It is some consolation that my brother and I saw her, and had good conversations with her, during her final days. The other consolation is that she was very well looked after and she didn’t really suffer. Considering she was bedbound and spent her days staring at the ceiling, she was strangely at peace; perhaps that was the morphine. Since I heard the news I’ve been thinking of all the happy memories I have of her: the times when she made me smile and laugh. She had quite a knack for that. One time that springs to mind was when I joined her and my grandmother in southern Spain in January 2000. She had an interesting way, shall I say, of transporting her mother in a wheelchair. At a restaurant that served breadsticks, she started shoving them up her ears and nose and other orifices besides.

I don’t know yet when or where the funeral will be, or whether I’ll go over for it. (British funerals are sometimes weeks after a person’s death.) Dad won’t be travelling from New Zealand; he did his bit in the autumn when he visited her almost daily for a month.

Understandably, Dad’s mood has been low. He’s been struck by the realisation that, on his side of the family, it’s only him left of his generation. His cousins have gone too.

I went back to Recaș today with the plan to get a barbecue lunch which they serve there on Wednesdays. I called my parents from there. I thought that the blue sky in the background might lift Dad’s mood – we’ve had glorious whether here since, and even before, I got back. I showed Mum my car – she didn’t believe that my bright blue Peugeot had POM on its number plate. I didn’t have lunch there after all because I got a splitting sinus headache and just wanted to get home and take some Advil and have a banana sandwich which was all I could manage. On the way back I turned onto the motorway by mistake, so I got a surprise first taste of Romanian motorway driving. The road was mostly empty; the speed limit here is 130 km/h, more than I’m used to. Thankfully the Advil did the trick.

On Sunday I went on a much longer trip, first to Lipova by the Mureș River, then east, then south, then west, then north and finally back home. Over 300 km in all. I went on all manner of back roads, passing through villages with roads flanked by donkeys, goats, and old ladies whose reaction made me think that a real person passing through in a real car was quite an event.

The route I took on Sunday

A stork’s nest – a common sight – in Mașloc

Not much risk of flooding in the Mureș at Lipova with the weather we’re having

Today I took delivery of a 2009-edition road atlas of Romania. The scale is 1:300,000 or nearly five miles to an inch. It didn’t realise it would be such a vast tome; it also contains smaller-scale maps of the rest of Europe. I’ll buy a GPS gizmo too, though a physical map allows me to plan better and is just a nice object to have.
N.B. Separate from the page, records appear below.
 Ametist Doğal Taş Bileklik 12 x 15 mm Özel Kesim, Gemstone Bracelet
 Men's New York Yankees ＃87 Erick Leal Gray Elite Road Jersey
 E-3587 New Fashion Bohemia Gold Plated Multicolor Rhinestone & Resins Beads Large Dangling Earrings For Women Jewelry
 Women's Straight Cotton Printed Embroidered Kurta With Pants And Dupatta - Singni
About to shoot off, but I think I’ll be here a while

It’s my last day before my Easter break – one of the windiest days I can remember in Romania – and it’s going by in slow motion. I say Easter break, but in fact it’s the first of two Easters I’ll celebrate this year. Due to the vagaries of moon phases and an obsolete calendar, the gap between this year’s “normal” Easter and Orthodox Easter is five weeks – usually it’s just one week, and sometimes they even fall on the same day. My second Easter, when I won’t have to see anybody or do a whole lot, will feel like more of a break than the first.
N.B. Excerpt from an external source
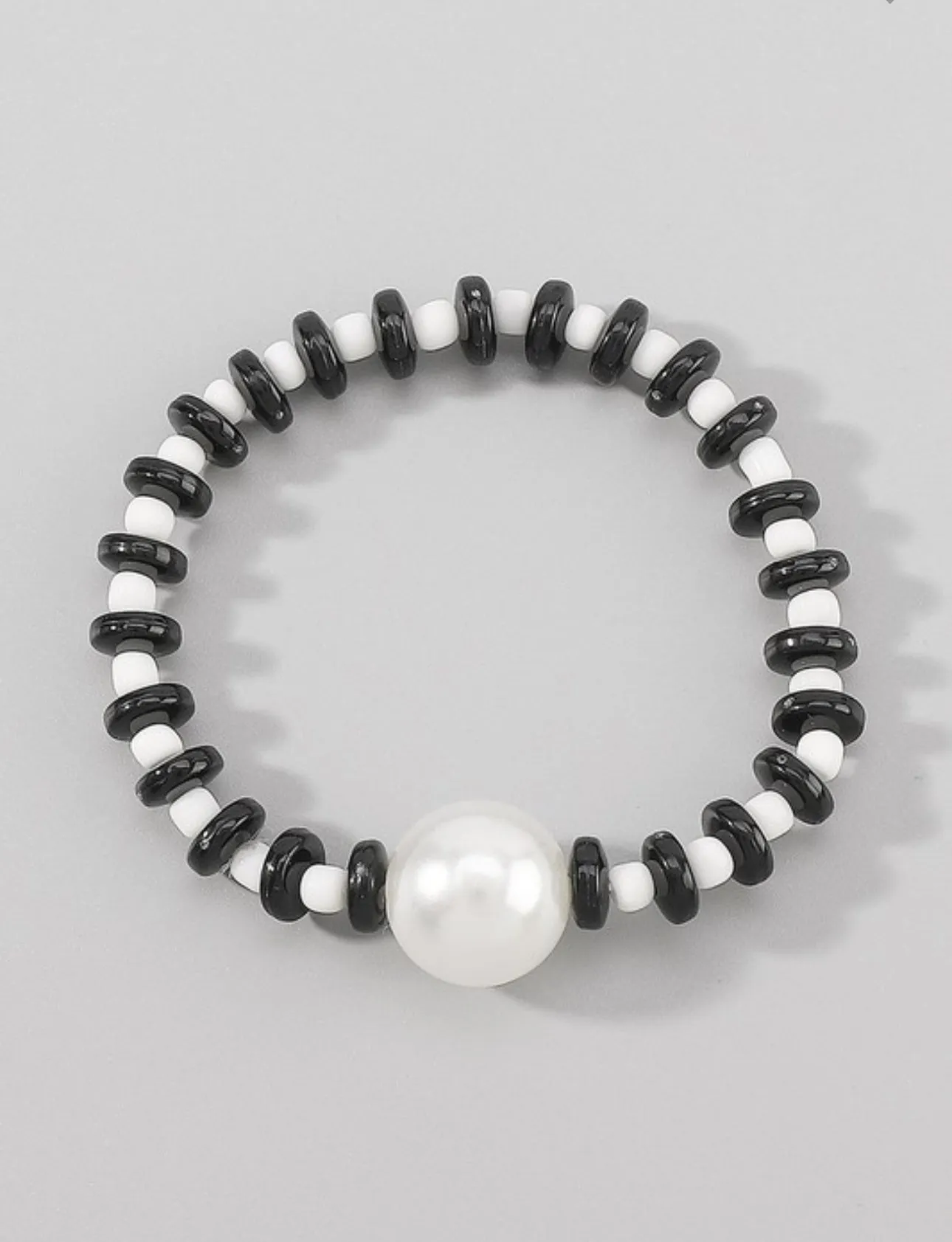 Multicolor Big Pearl Beaded Stretch Bracelet 5 Colors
To get my driving confidence up, I need a window of a few hours so I can get the hell out of the city. A trip around the block won’t do it. This isn’t Geraldine; around the block involves the main road right outside my block of flats (turning left onto it is horrible, I’ve realised) with 18-wheelers bearing down on me. After this afternoon’s trip I got straight into the white wine I bought from Recaș last week. Getting out on the open road though is a whole heap of fun. At this point it seems my car is going to be pretty economical, as French cars often are. (Last night a student told me there’s a saying in Romania that you should avoid the letter F when it comes to cars. That means Ford, Fiat, or French.)

I met Dorothy in town yesterday. We talked about Timișoara and how it suits us both down to the ground. There’s so much to like here: the architecture, the parks, the river, the markets, the funny hole-in-the-wall shops, all the imperfections that make you feel more alive. Add in the welcoming people and the fact that it’s safer than almost any city in the UK. (If you don’t feel safe in a city, everything else falls away.) Plus all the signs being in an exotic language is massively cool. Having everything in my native English would now seem humdrum and tame. Returning to live in the country of my birth is a complete non-starter; New Zealand is an option but unless things ramp up horribly a few hundred miles east, I’ll be in Romania for a while yet.
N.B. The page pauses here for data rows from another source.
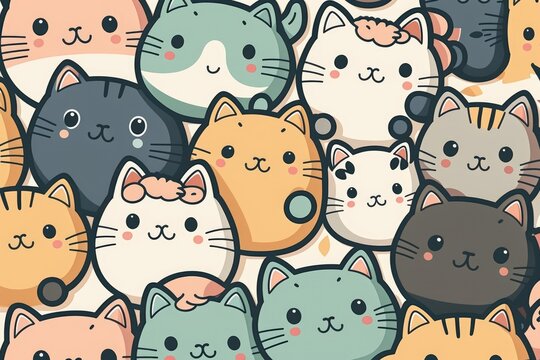 Pattern of cute cat, cartoon style, generative AI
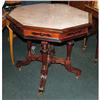 Image 1 : English octagonal table carved walnut marble #2247099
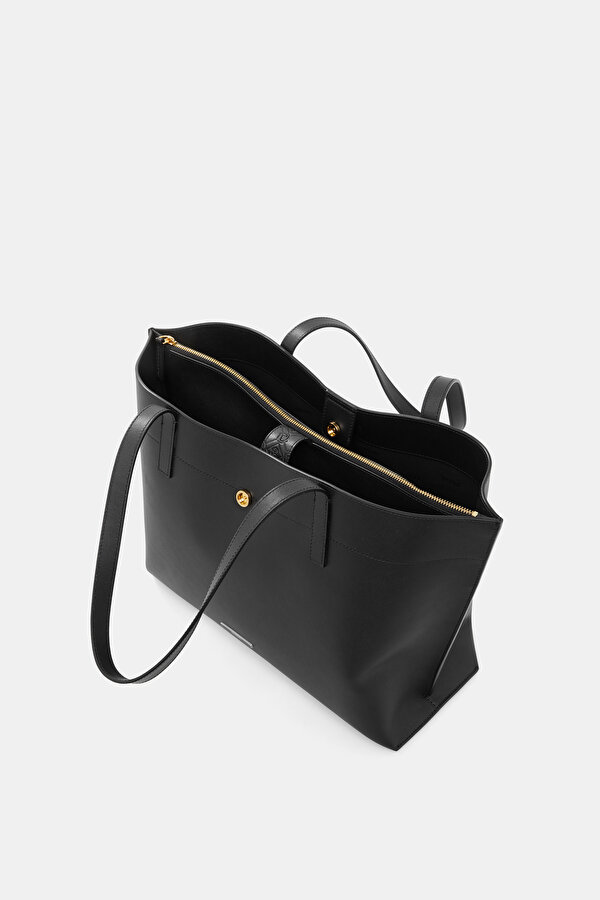 BLACK MONOGRAM LEATHER BAG 6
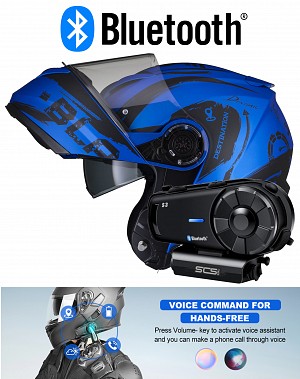 Bluetooth S3 5.0 Optimus Ii Destination Matt Blue Intercom Mc HjÄlm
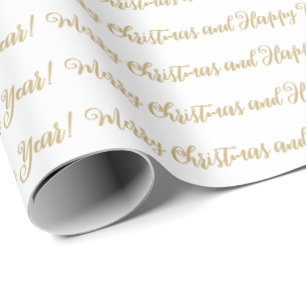 Merry Christmas Happy New Year script white gold Wrapping Paper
Dad sent me a video of The Night They Drove Old Dixie Down, an extraordinary piece of music by The Band. I was more familiar with Joan Baez’s rendition of the song, but The Band’s original version is really quite something. In fact The Band have produced amazing stuff all round; I’ll probably end up adding one of their albums to my collection. Last night Dad told me about a programme he’d been listening to on the radio, all about accents, or more specifically what causes people to keep them or change them when they move. Mum certainly softened out the edges of her Kiwi accent when she moved to the UK; attracting the nickname Iggy based on how she pronounced “egg” might have given her the impetus to do that. Being a teacher must have been a driver too. (My brother’s name contains the same vowel as “egg”; Mum made a conscious effort to say it in the English way so it didn’t sound like a certain pulse that is sometimes preceded by “Mr.”)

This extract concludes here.